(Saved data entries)
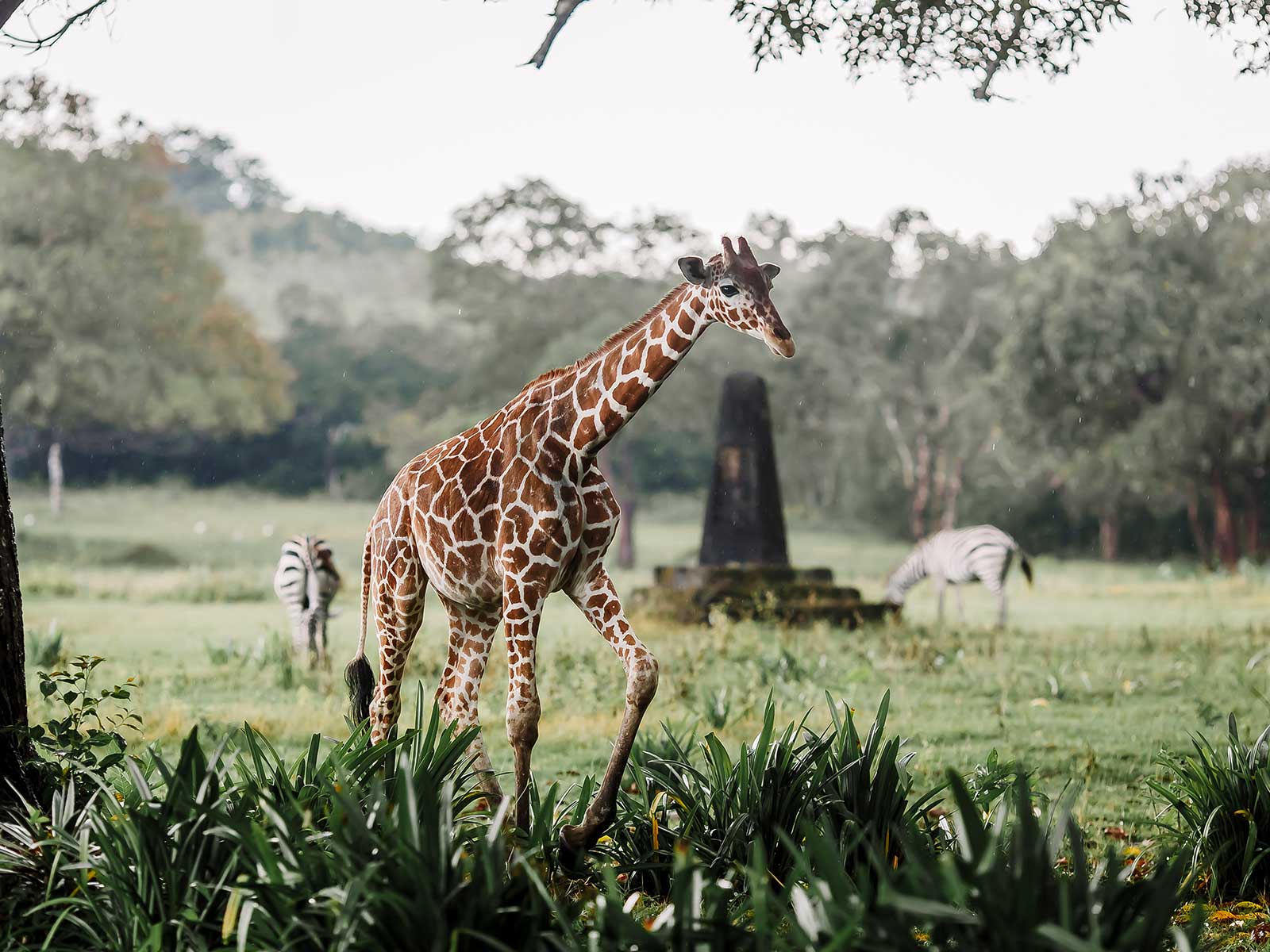 Calauit Isla Parque Nacional
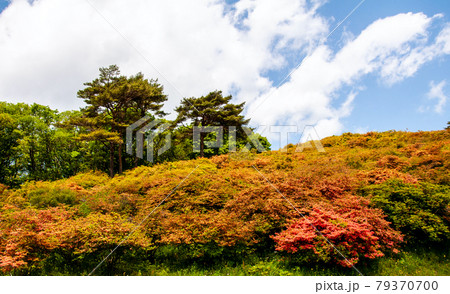 みちのく潮風トレイル　南三陸町　田束山のツツジ 79370700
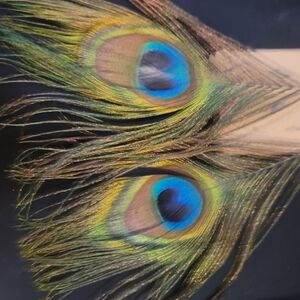 Vibrant Peacock Feather Decor for Birds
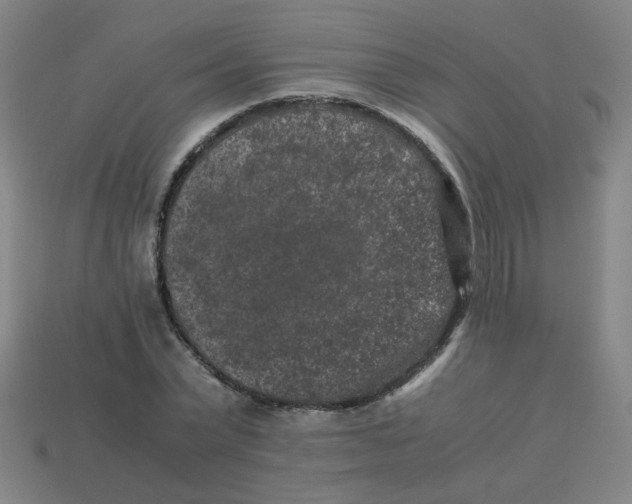 X0000113240783200910081257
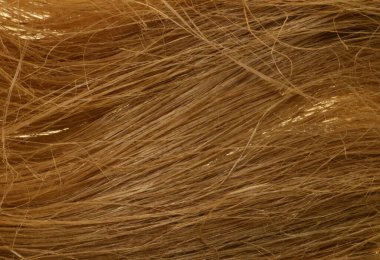 Beyaz arkaplanda izole edilmiş çekici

#### Task details:
Could you output every record above exactly as written, leaving out the pictures?

#### Result:
 Calauit Isla Parque Nacional
 みちのく潮風トレイル　南三陸町　田束山のツツジ 79370700
 Vibrant Peacock Feather Decor for Birds
 X0000113240783200910081257
 Beyaz arkaplanda izole edilmiş çekici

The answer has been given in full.